O pacto assinado em 15 de janeiro na capital norte-americana por Trump e o vice-primeiro-ministro chinês, Liu He, obrigava a China a comprar 200 bilhões de dólares (1,05 trilhão de reais) a mais em grãos, carne de porco, aviões, equipamento industrial e outros produtos norte-americanos.

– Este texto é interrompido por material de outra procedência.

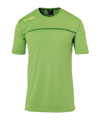 Kempa Ekotion 2.0 Poly T-Shirt Groen F07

Era a coroação de um grande esforço diplomático norte-americano, um elemento central na ideologia protecionista que levou Trump ao poder e é um fator essencial para entender as relações atuais entre as duas potências.


Mas os novos protocolos derivados da pandemia e a fragilidade da demanda interna e externa pela crise econômica desatada pelo coronavírus tornam praticamente impossível cumprir o acordado. “A China tomou medidas para colocar em andamento alguns dos compromissos incluídos na fase um do acordo comercial, como a proteção da propriedade intelectual, mas a capacidade de cumprir as metas de compras está se desvanecendo”, frisa o relatório de primavera sobre a China do Rhodium Group.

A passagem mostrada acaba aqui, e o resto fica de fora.